Intimate (≈40–75 students)
- Vlerick Business School — ~40
- University of Ljubljana — ~42
- Stockholm School of Economics — ~52
- University of St. Gallen — ~52
- WHU – Otto Beisheim — ~56
- Carlos III de Madrid — ~60
- Nova SBE — ~69
- ESMT Berlin — ~71
- LSE — ~75
Mid-sized (≈200–300 students)
- INSEAD (its MiM) — ~217
- Università Bocconi — ~280
Large (≈400+ students)
- HEC Paris (Grande École) — ~400
- London Business School — ~405
- IE Business School — ~639
- emlyon business school — ~750
- ESSEC Business School — ~800
- ESCP Business School — ~1,300 across six campuses
The pattern is clear: the German, Swiss and Nordic schools (and LSE) tend to run small, focused cohorts, while the French grandes écoles and IE run big ones — a structural difference in how the programmes are built, not a quality gap.
What a small cohort buys you
A class of 40–100 is a fundamentally different experience from one of several hundred:
- Faculty contact and individual attention. Smaller seminars, professors who know your name, more room to be coached rather than processed.
- A tight community. You’ll plausibly know most of your classmates by the end — a close, high-trust network where relationships run deep rather than wide.
- Less noise to cut through. Standing out for a leadership role, a competition team or a professor’s attention is easier when there are fewer people competing for it.
The trade-off is reach: a smaller alumni base, fewer simultaneous clubs and electives, and a quieter on-paper presence with some large recruiters.
What a large cohort buys you
A class of several hundred (or, at ESCP, over a thousand) trades intimacy for scale:
- A bigger network. More classmates now, and a far larger alumni body later — which is a genuine career asset, especially in the markets where that school dominates recruiting.
- More options. More clubs, electives, treks, specialisations and student-run events; more chances to find your specific people within the crowd.
- Diversity of background. Bigger cohorts usually mean more nationalities and a wider mix of pre-MiM degrees and experiences in the room.
- Recruiting presence. Large, well-known cohorts attract a dense on-campus recruiting calendar; employers show up where the numbers (and the brand) are.
The trade-off is anonymity: you’ll need to be more proactive to build close relationships and to stand out, and the experience can feel more like a large institution than a cohort.
How to actually weigh it
Cohort size shouldn’t be the first thing on your shortlist — fit, ranking, location, cost and career outcomes matter more — but it’s a real tiebreaker once you’re choosing between similar programmes. A few honest pointers:
- Match it to your temperament. If you thrive in close-knit groups and want faculty contact, a small cohort will suit you; if you want reach, optionality and a big network, a large one will.
- Don’t read selectivity from size. A big intake can be just as selective as a small one — judge your odds from each school’s class profile against your own file, not from seat count.
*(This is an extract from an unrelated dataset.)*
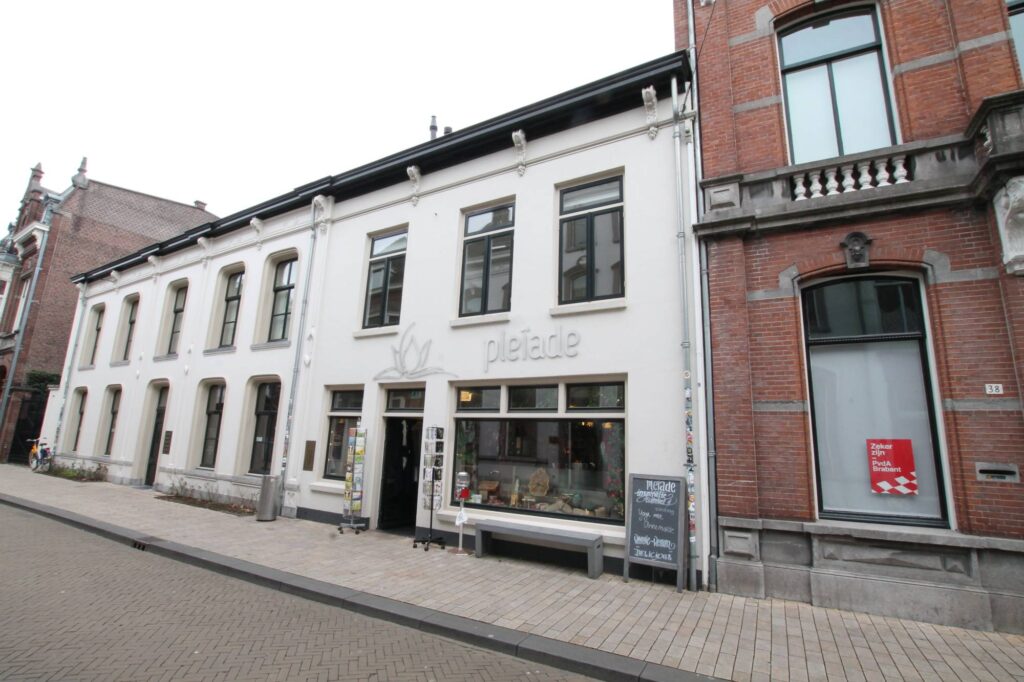 Nieuwlandstraat 36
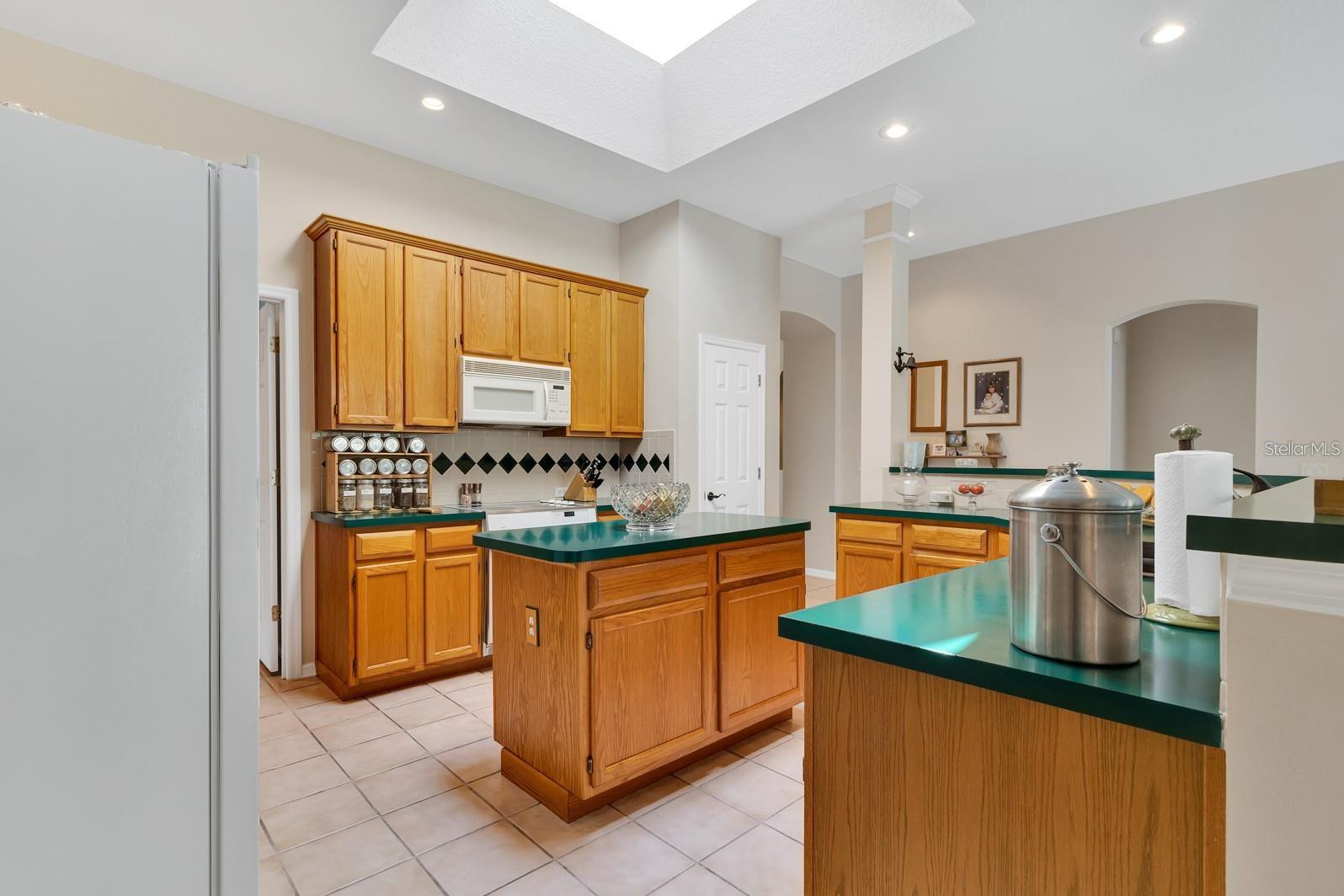 13903 BLUEWATER CIR, ORLANDO, FL — photo 29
- Look past the headline number. A “1,300-student” programme spread across six campuses means your actual campus cohort is far smaller; ask how many students you’ll really study alongside.
- Confirm the current figure. Intakes change; verify on the school’s own page before relying on a number.
Use the cohort sizes above as one input alongside the rest, and build the shortlist deliberately — our guide to building your MiM shortlist walks through how to weigh size against the factors that matter more.
The bottom line
European MiM class sizes span an enormous range — from ~40-person cohorts where you’ll know everyone to 1,000-plus programmes with a network to match — and that single number quietly shapes how your year feels and how you’ll recruit. Smaller buys intimacy and attention; larger buys reach and presence. Neither wins on quality; the right size is the one that fits how you want to learn and connect. Compare the schools’ full profiles on the program pages and rankings, read the class profile decoded for the rest of the picture, and map your applications on the deadline tracker.
Sources & how to confirm
The cohort sizes in this editorial are drawn from the structured class-size data in this site’s own program profiles, which is compiled from each school’s published programme information. We’ve reported only the schools that disclose (or that we’ve verified) a figure — many programmes don’t publish one, so this is a representative sample, not a complete table — and figures are the latest available intake for each school’s flagship Master in Management (ESCP’s ~1,300 spans its six European campuses; INSEAD’s figure is for its MiM, not the MBA). Exact intakes change year to year, so every number here is orientation, not a guarantee — confirm the current cohort size on each school’s own admissions or programme page before relying on it. No selectivity or acceptance-rate claim is made from these figures. Last checked June 2026.